The smart money is betting on the Pakistani farm
Express Tribune | 24 October 2011
By Farooq Tirmizi
From international venture capitalists to global and local conglomerates to private equity firms, there has been a small but growing trend towards investing in the Pakistani agricultural sector, one of the largest in the world in terms of its production of several key commodities.
The amounts involved are small so far, but the names of the investors coming in – and the expertise and connections they represent – are far more significant.
One company that has done more than most to bring in foreign investment into Pakistani agribusiness is Indus Basin Holdings, a new venture capital firm that has amongst is investors financial and industrial luminaries from Europe and the United States.
Indus Basin is the brainchild of Aamer Sarfraz, a merchant banker at the London-based private equity firm Tigris Financial, where he has been managing director since 2006.
“We’re focused on non-political commodities (those in which the government does not set the prices) where we can launch greenfield investments that yield a return that is 10, 20, 40 times the initial investment,” said Sarfraz in an interview with The Express Tribune. “We want to be the biggest agribusiness private equity player in Pakistan.”
The Boston University and LSE-educated Sarfraz has managed to bring in Tim Draper, the founder of Draper Fisher Jurvetson, one of the largest Silicon Valley venture capital firms that was an early investor in firms like Hotmail and Skype. He also brought in Baron Lorne Thyssen-Bornemisza, a Swiss aristocrat whose family owns the ThyssenKrupp, a German technology conglomerate with over 670 subsidiaries and 200,000 employees worldwide.
“I am very excited about the agricultural sector in Pakistan. There are excellent opportunities that provide sustainable growth. Being Swiss, this is a familiar sector,” said Baron Thyssen-Bornemisza.
The amounts committed by each of the two gentlemen to the firm, as well as to Indus Basin’s original project – Agroventures, a Faisalabad-based breakfast cereal manufacturer – are unclear. But being able to attract highly prominent investors to his firm has been an achievement for Sarfraz, especially at a time when most investors are reluctant to put their money in the country.
Indus Basin is now about to launch a rice export business as well as a corn mill and a dairy farm.
Yet they are not the only firm getting into the game. Nestle, the Swiss conglomerate, recently announced that it will be investing over $300 million in the Pakistani dairy sector to double its output of milk. Nestle’s Milkpak brand is one of the largest packaged milk brands in the market.
Several local conglomerates have been organising themselves into investment companies geared towards extracting high yields from the agriculture sector.
The Dawood Group of companies, for instance, has wound down its insurance company – Central Insurance – and restructured it to become Cyan Ltd, a company that will invest in high growth sectors in Pakistan and has agriculture as one of its priority sectors.

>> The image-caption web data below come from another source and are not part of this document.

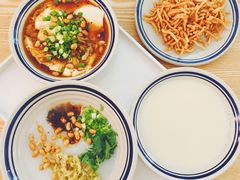 扁担豆腐脑-正南齐北·老街糯米团(洪崖洞店)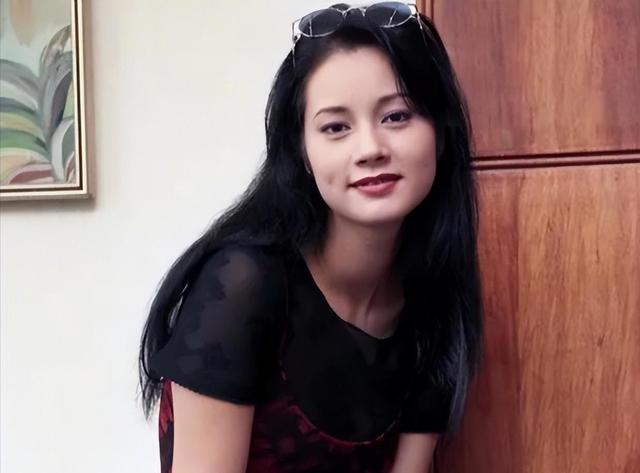 她认干爹，拍风月片，被导演霸王硬上弓，靠山去世后沦为服务员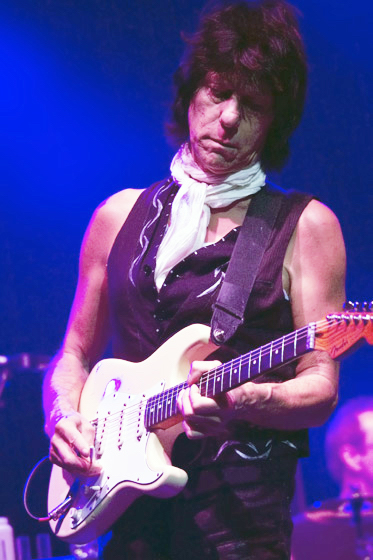 Jeff Beck, 2009 - Foto: Mandy Hall, https://www.flickr.com/photos/23141978@N00/3234120115 - Lizenz: https://creativecommons.org/licenses/by/2.0/deed.en - Datei: https://commons.wikimedia.org/wiki/File:Jeff_Beck.jpg 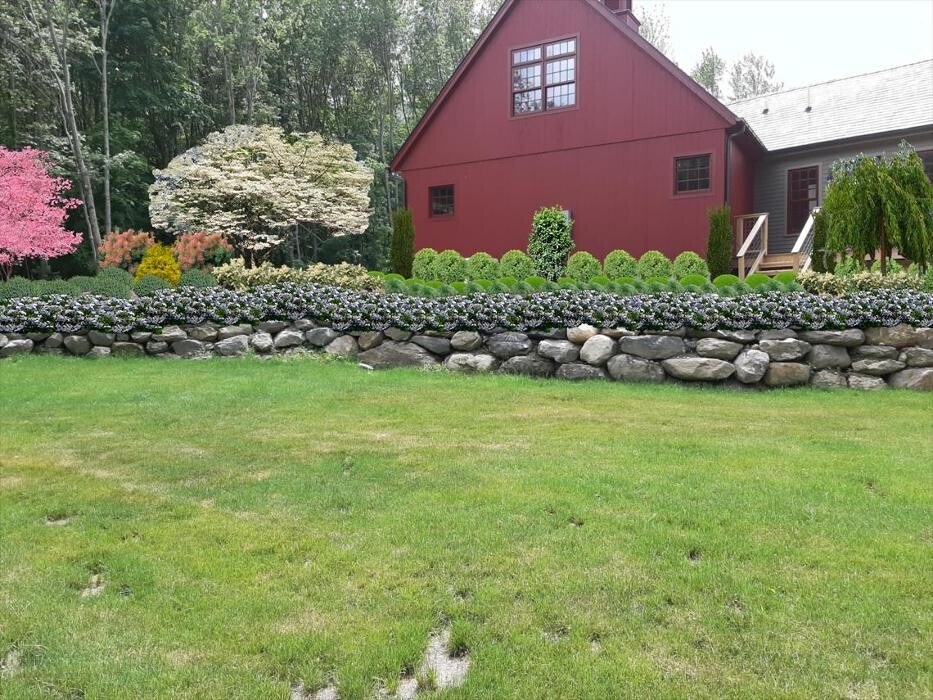 Images Young's at Three Rivers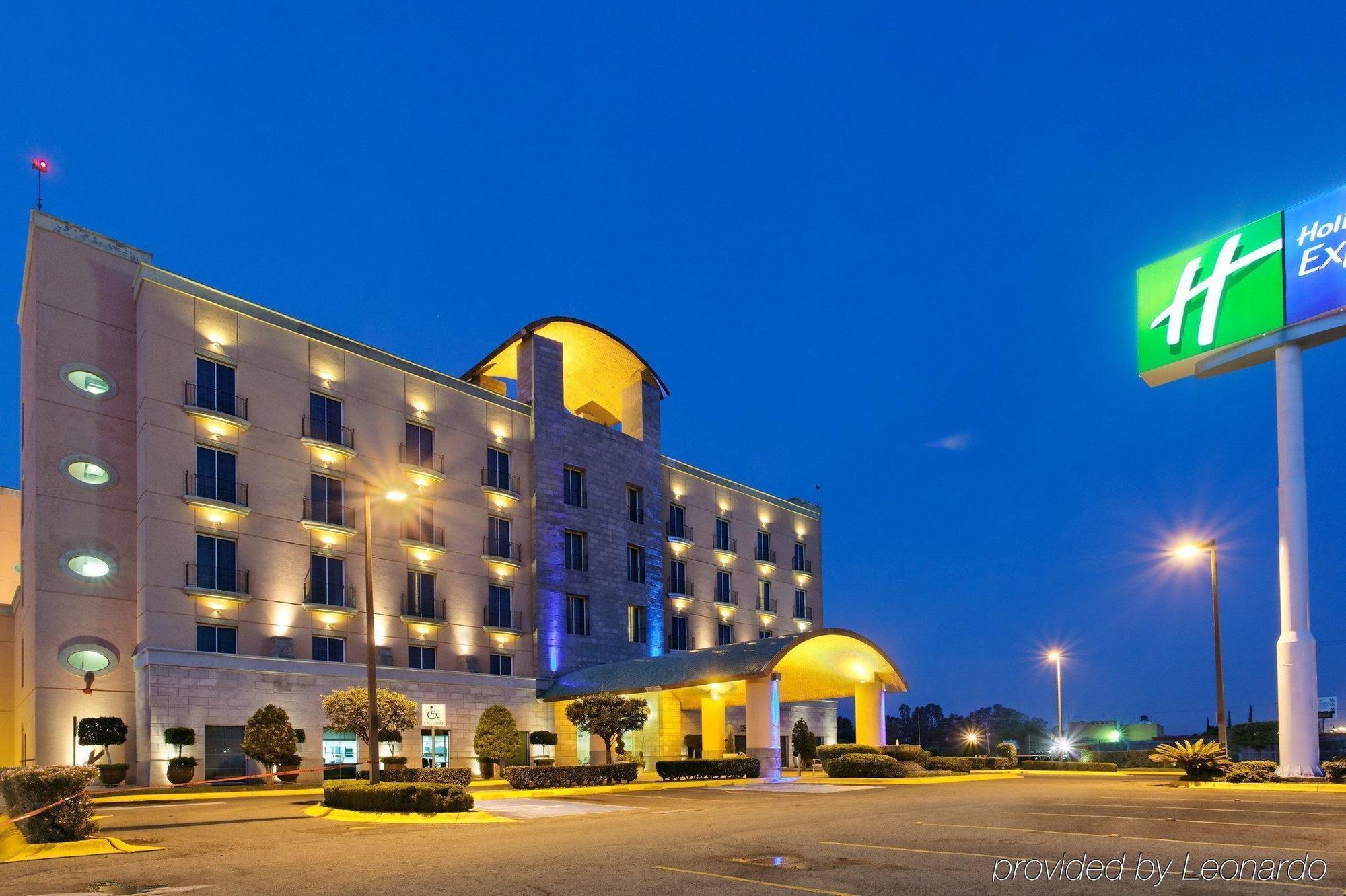 Holiday Inn Express Silao-Aeropuerto Bajio By Ihg מראה חיצוני תמונה
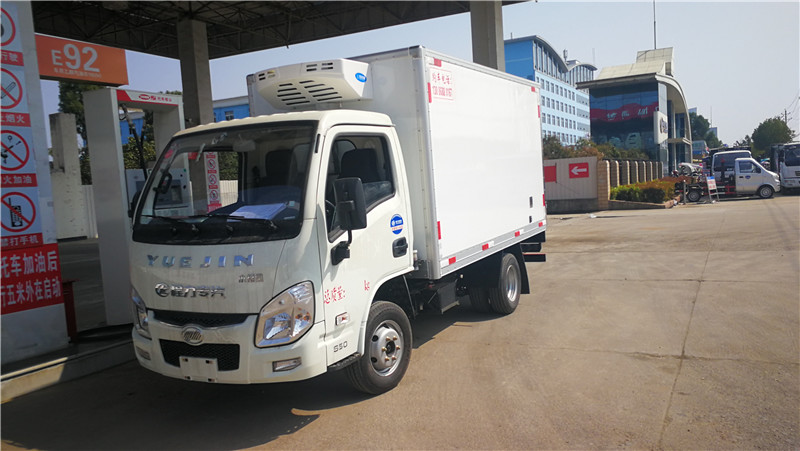躍進(jìn)國六3米3冷藏車 (2).jpg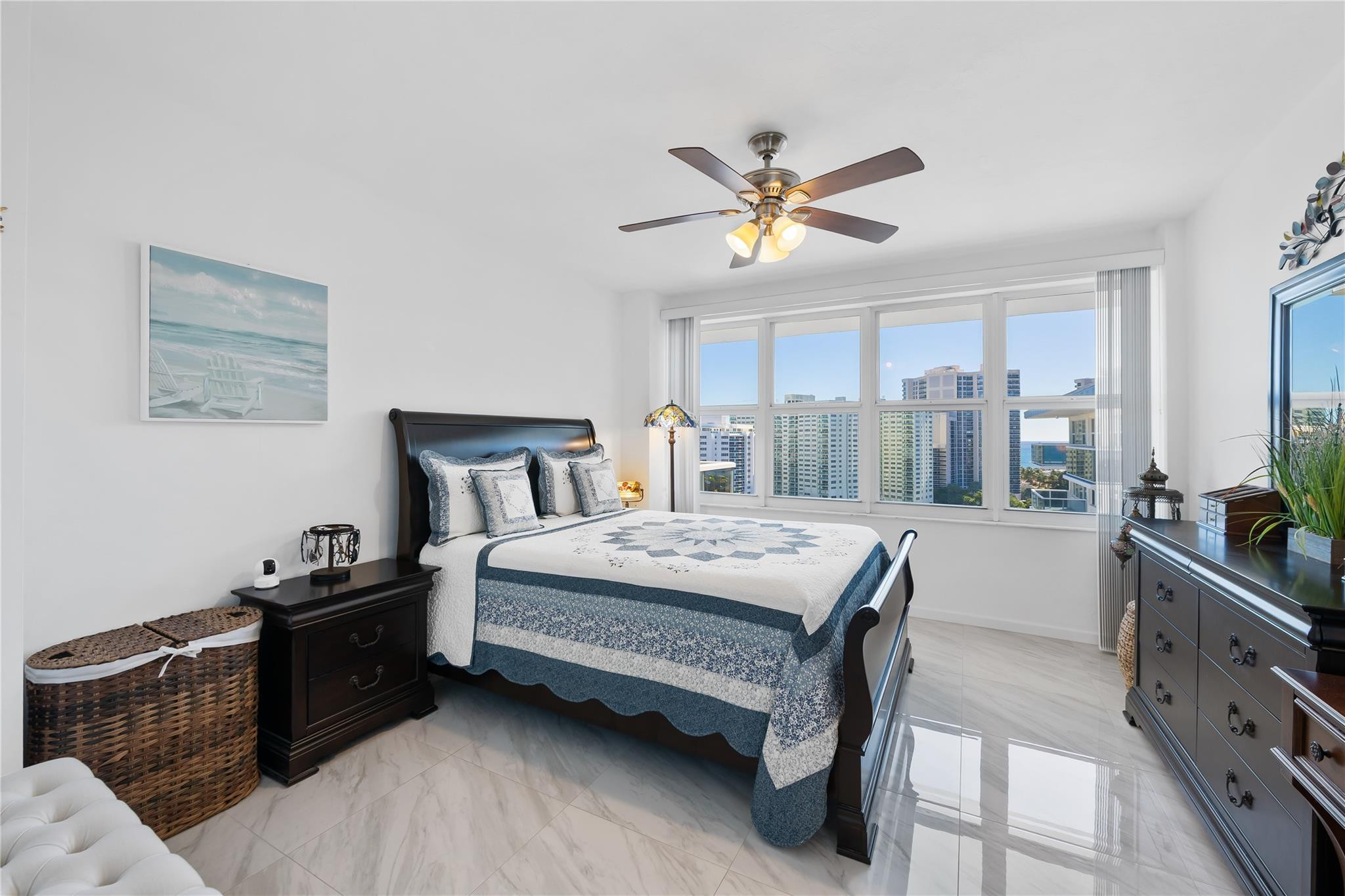 Coral Ridge Towers East - Residential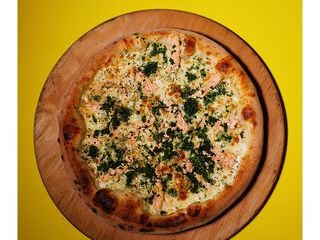 Піца Сальмоне з шпинатом  (500г)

Hussain Dawood, the patriarch of the Dawood family, also owns 38% of the Engro Corporation, one of the largest conglomerates in Pakistan. Engro’s subsidiary operates the world’s largest single-train urea manufacturing plant, in what is likely the single largest investment in the Pakistani agriculture sector: $1.1 billion. Engro also owns Engro Foods, one of the largest food companies in the country. Another conglomerate – the Nishat Group, owned by Mian Muhammad Mansha, the richest man in Pakistan – has also decided to enter the consumer foods business by launching its own dairy company.
Nishat has interests in financial services, textiles and cement manufacturing. The new venture would be the group’s first in agriculture.